I was reading an essay in Charles Baxter's The Art of Subtext for my creative writing class. This particular essay was called "Creating a Scene." The title's a clever play on words, as the essay's really about causing a commotion in the world of your stories. The idea is that too many writers (particularly of literary fiction) have their characters avoid conflict, a behavior common in real life. Unfortunately, people read fiction for the excitement and conflict, so good fiction requires characters to be more confrontational than many people are in real life. The essay had three effects on me:
Validation: I like sturm and drang in my stories. Everything I write that isn't set in an imaginary world tends to involve getting inside the head of somebody mentally unstable and to have a body count. I didn't need anybody to tell me to have my characters say and do outrageous things that move the action along. It was just nice to have one of those authors of snobbish literary fiction endorse something I already instinctively believe in.

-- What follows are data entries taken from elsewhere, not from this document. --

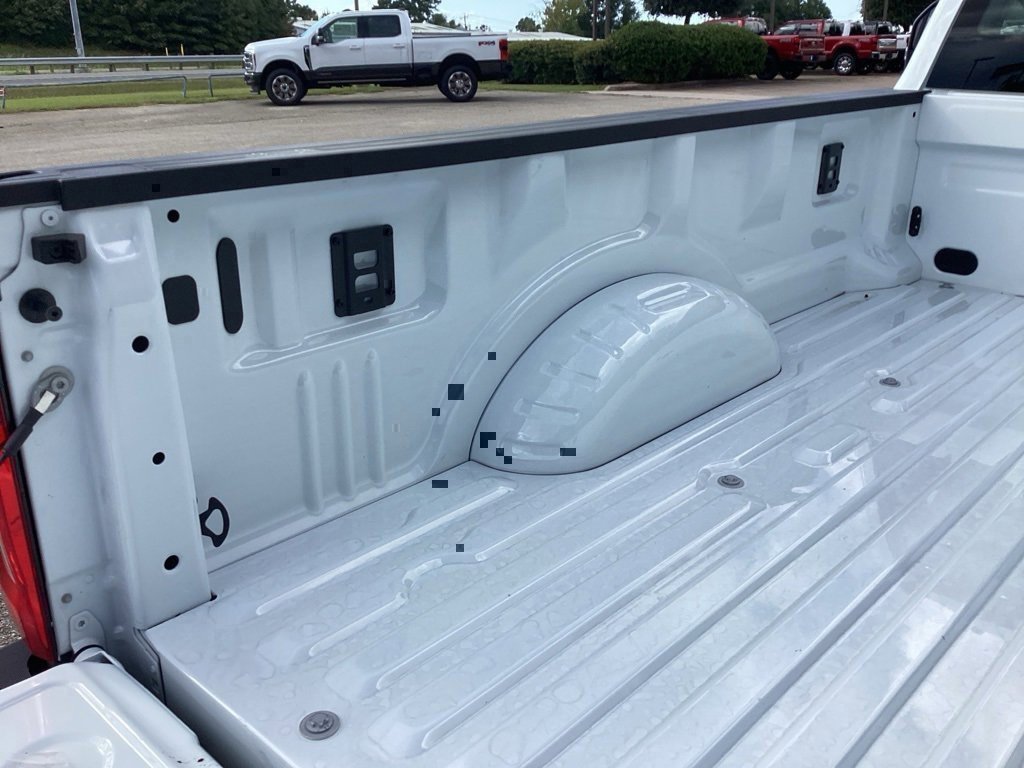 New 2025 Ford F250 XL w/ FX4 Off-Road Package image 10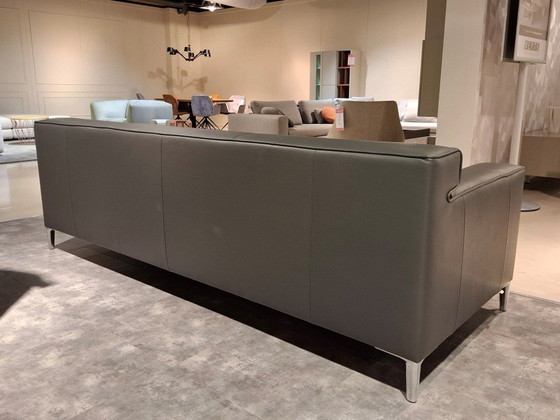 Image 1 of Pode Edit Truffle 3-Sitzer-Sofa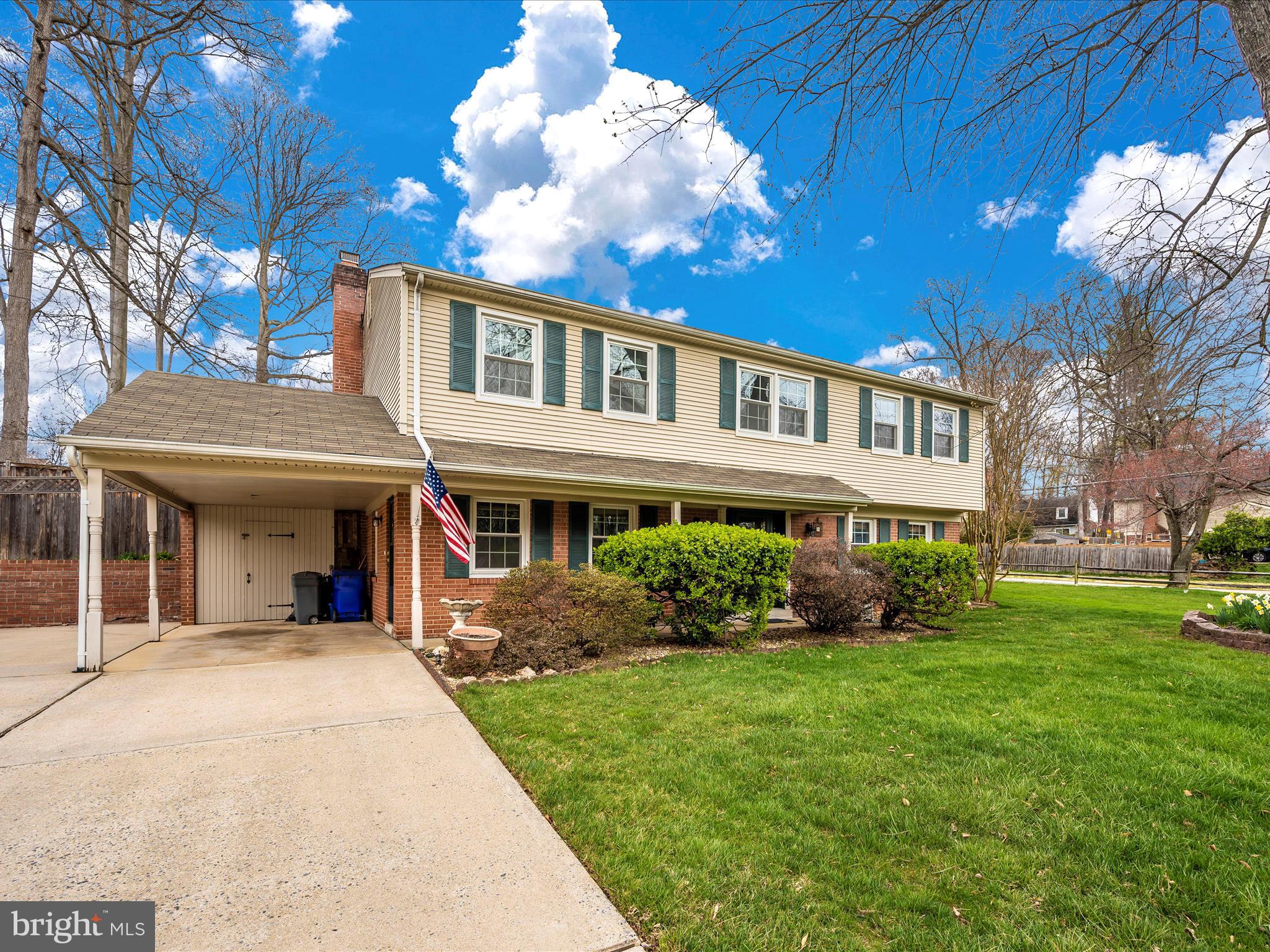 MANOR WOODS - Residential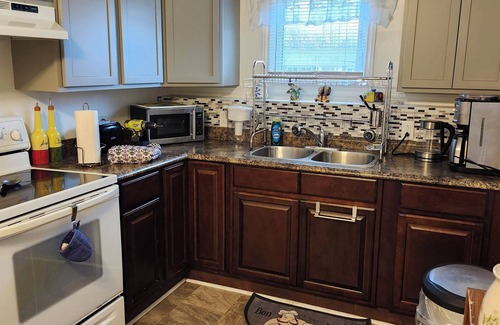Grand Falls - Windsor Appartement | Cozy Bungalow centrally located to downtown, shopping, sports and more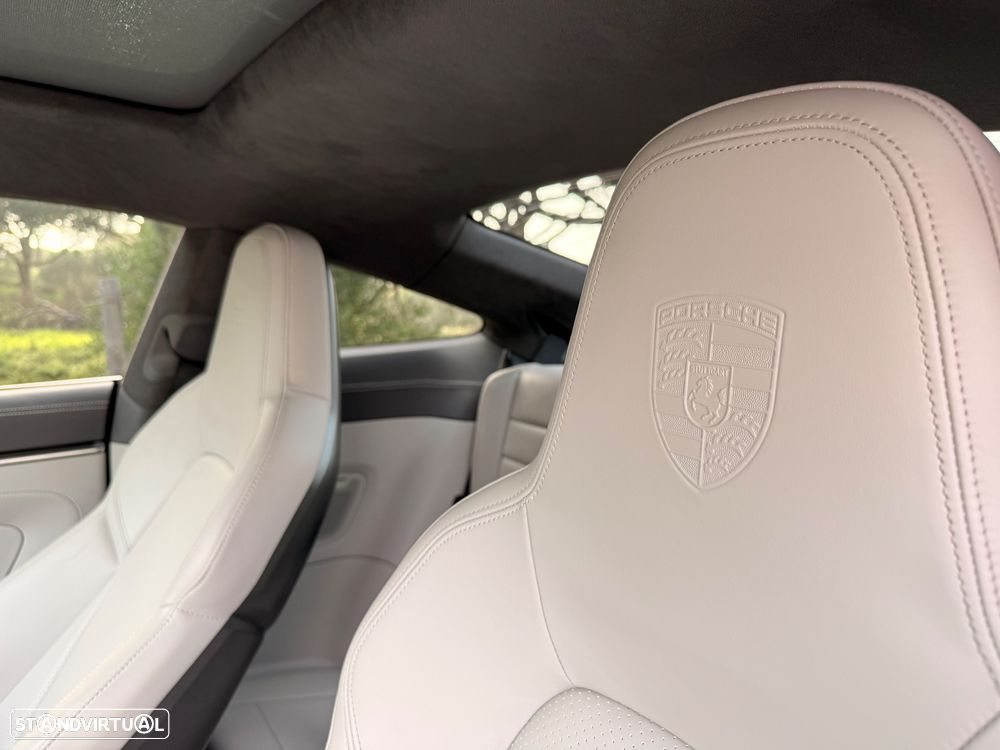 Porsche 911 (992) Turbo S PDK - 15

New Author to Read: Baxter went on and on in this essay about the famous 19th-Century Russian novelist Fyodor Dostoyevski. Specifically, he mentioned Dostoyevski's tendency to create characters who "make scenes" and to write intense scenes that made his readers uncomfortable. This tendency caused many of his contemporaries, including Anton Chekhov, to call him "indulgent." This attitude is apparently echoed by a lot of modern creative writing professors and students. But hearing about this disconcerting intensity made me decide that I'm going to have to read me some Dostoyevski at some point. The fact that the snub of Dostoyevski is mirrored by a near universal acclaim of authors like Alice Munro only adds to this urge. We've had to read a bunch of Alice Munro stories this quarter, and I've come to the conclusion that, while I can tell she's a skilled writer, reading thirty pages of her at a time is a chore for me.
Crazy Tangent on Music: Reading about all this indulgent intensity immediately made me think of some of my favorite bands. I had the new Coheed and Cambria album The Year of the Black Rainbow playing in my car's CD player last week, so I guess I was primed to think about why I like bands like Coheed and Rush. Their styles can also be described as indulgent and over-the-top. Rush has sometimes been slammed by music critics for their "too busy" arrangements. Of course, anyone who's ever listened to "Tom Sawyer" knows that's what makes them fun to listen to. Indulgence is the point of hard rock genres. Meanwhile, Coheed and Cambria has songs like "Welcome Home," which sport indulgent, over-the-top arrangements and lyrics that can make some listeners uncomfortable. So basically, I like my literature like I like my music: with an emphasis on mythic, intense subject matter or emotional states rather than real-life monotony.